How to schedule tasks on SageMaker

VicariousAT picture VicariousAT · Mar 31, 2018 · Viewed 10.4k times · Source

I have a notebook on SageMaker I would like to run every night. What's the best way to schedule this task. Is there a way to run a bash script and schedule Cron job from SageMaker?

Answer

Guy picture Guy · Apr 8, 2018

Amazon SageMaker is a set of API that can help various machine learning and data science tasks. These API can be invoked from various sources, such as CLI, SDK or specifically from schedule AWS Lambda functions (see here for documentation: https://docs.aws.amazon.com/lambda/latest/dg/with-scheduled-events.html )

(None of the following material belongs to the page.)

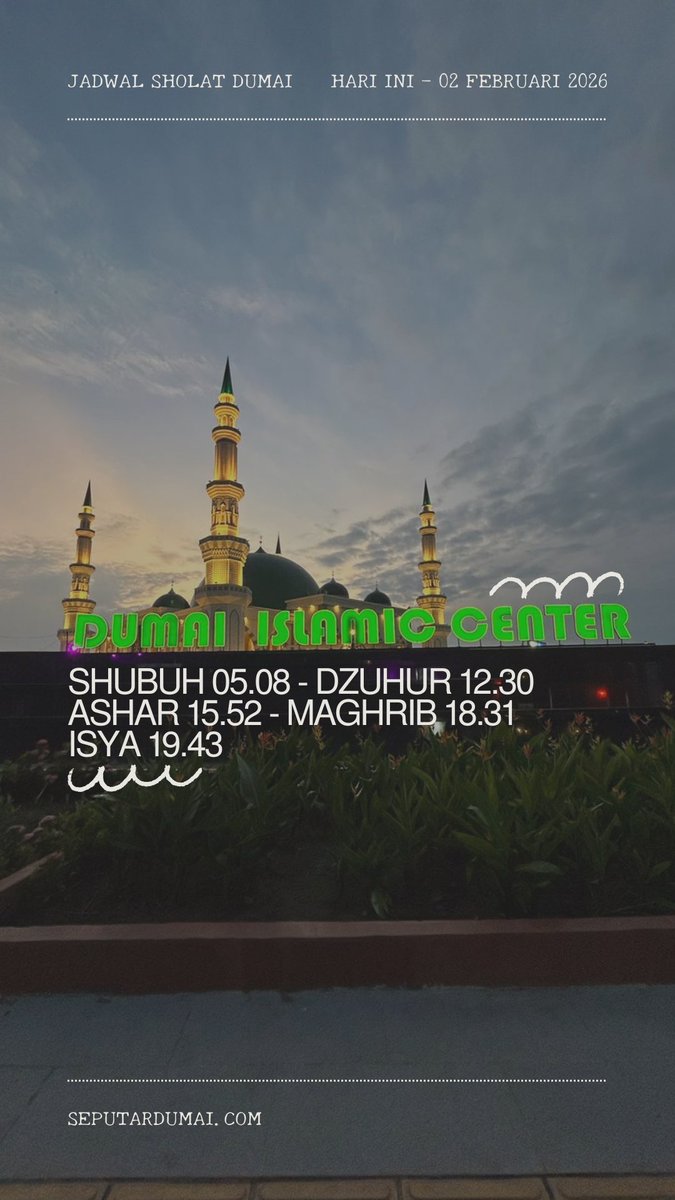 #JadwalSholatDumai hari ini 02/02/2026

The main parts of Amazon SageMaker are notebook instances, training and tuning jobs, and model hosting for real-time predictions. Each one has different types of schedules that you might want to have. The most popular are:

  • Stopping and Starting Notebook Instances - Since the notebook instances are used for interactive ML models development, you don't really need them running during the nights or weekends. You can schedule a Lambda function to call the stop-notebook-instance API at the end of the working day (8PM, for example), and the start-notebook-instance API in the morning. Please note that you can also run crontab on the notebook instances (after opening the local terminal from the Jupyter interface).
  • Refreshing an ML Model - Automating the re-training of models, on new data that is flowing into the system all the time, is a common issue that with SageMaker is easier to solve. Calling create-training-job API from a scheduled Lambda function (or even from a CloudWatch Event that is monitoring the performance of the existing models), pointing to the S3 bucket where the old and new data resides, can create a refreshed model that you can now deploy into an A/B testing environment .

----- UPDATE (thanks to @snat2100 comment) -----

  • Creating and Deleting Real-time Endpoints - If your realtime endpoints are not needed 24/7 (for example, serving internal company users working during workdays and hours), you can also create the endpoints in the morning and delete them at night.